While preparing a series of lessons on reported speech, I looked at a number of sources both online and off. I observed how the majority of grammarians first noted the difference between quoted speech and reported speech. Some more than others went into detail about proper punctuation in quoted speech, but then the next trend was to highlight common reporting verbs and the syntax each requires. From there, the herd moved on to the biggest pasture: changes in verb tense. Indeed, this aspect gives the most to chew on. Almost as an afterthought, many pointed out additional changes: subject and object pronouns, possessives, demonstratives, and adverbs of time and place.

Working within a ten-minute limit per video, I decided to have a very narrow focus in each lesson of my series. I started out on the heavily trodden path, but soon I headed off in a new direction. My choices reflected a desire to make grammar clear and accessible. I like to build up to more difficult aspects, giving students the time to assimilate each chunk of information and gain enough confidence to take the next step in mastering a topic. Consider this sequence in your own classroom presentation when it’s time to cover reported speech:

  • What is reported speech? How does it contrast with quoted speech? = I gave preference to the term reported over indirect because the former seemed more self-explanatory. I noted that reporting isn’t exact; it’s indirect. That is, words change.
  • What are the most common reporting verbs? = I gave preference to say and tell and held off from addressing the use of ask to keep the focus on statements, not questions. Explaining patterns with say and tell took up more time than I originally anticipated, but it seemed necessary to give some guidance in choosing one or the other rather than just stating that both were common reporting verbs and leaving it at that.
  • What are reference words? How do we change them in reported speech? = I chose the term reference words in an effort to simplify my explanation of changes to pronouns, demonstratives, possessive adjectives, and adverbs. Also, I wanted to start with the most logical changes. When the point of reference changes, it’s logical that many pronouns and words indicating proximity also change. Understanding that “I” can become “she” or he” and “here” becomes “there” is easier to grasp than the idea of “will” becoming “would” or “did” becoming “had done”.
  • What changes are made to verb tenses and why? = My plan is to help students deal with shifts in verb tense after they’re comfortable changing reference words.
  • How do we report questions?

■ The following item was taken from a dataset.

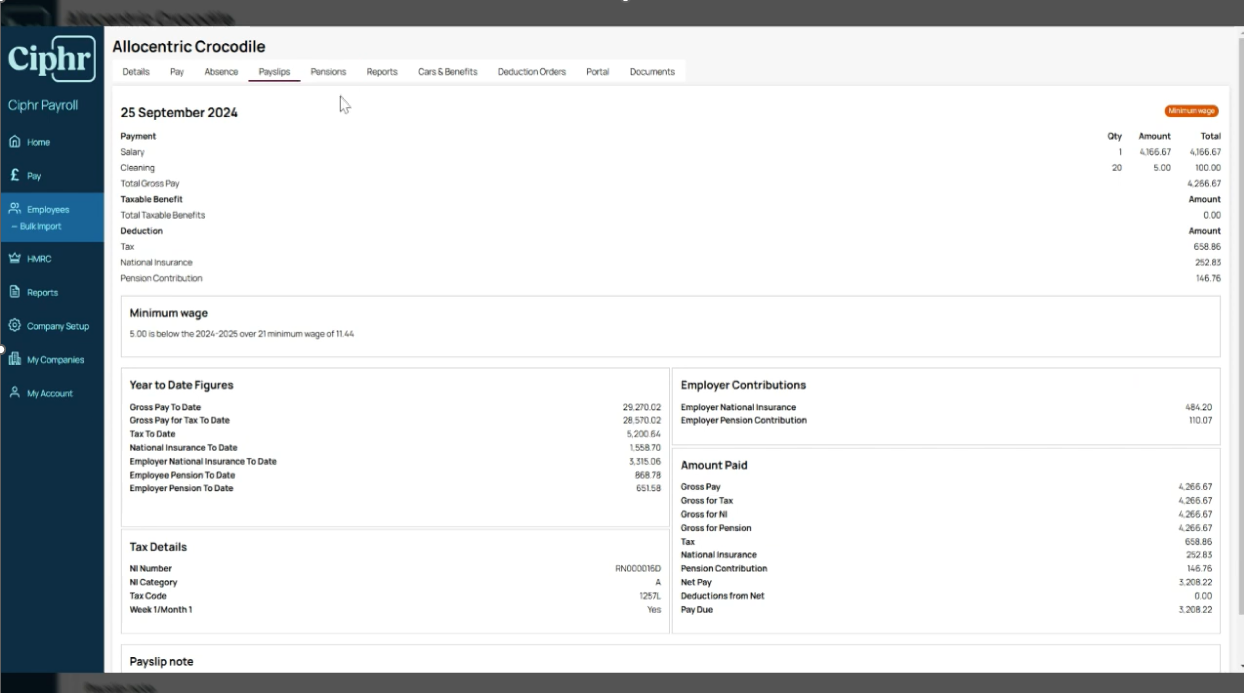 Ciphr - Ciphr payroll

How do we report commands? = Once students master reporting statements, I will address questions and commands and the necessary changes in sentence structure.
  • What other reporting verbs can be used? = A lesson on reported speech seems limited if only say, tell, and ask are presented. I feel it’s necessary to point out how reporting allows interpretation.

4 Comments Add yours

  1. taous says:

    thanks, for your help, your lessons really helped me to impove my english and my capaciticies, so i encourage you to do it more and more. God bless you

    1. englishwithjennifer says:

      You are very welcome. Thank you for the support.

  2. Christine says:

    Hi Jennifer!

    As a TEFL teacher, I have also struggled a lot with breaking down ‘reported speech’ so that it becomes accessible to my students.

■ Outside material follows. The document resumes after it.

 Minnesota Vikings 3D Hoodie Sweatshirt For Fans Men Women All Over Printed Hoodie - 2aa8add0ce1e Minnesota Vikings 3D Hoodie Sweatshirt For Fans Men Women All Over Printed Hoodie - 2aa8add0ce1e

    I have found your videos to be remarkable in that you truly give students ‘bit size’ amounts so they can truly integrate the different aspects of reported speech.

    Thank you so much for sharing this material with all of us. I also want to let you know that I’m really enjoying your blog.

    Christine (teaching in Barcelona, Spain)

    1. Thank you very much for posting your comment, Christine. I’m very happy to know my series on reported speech is useful to you and your students.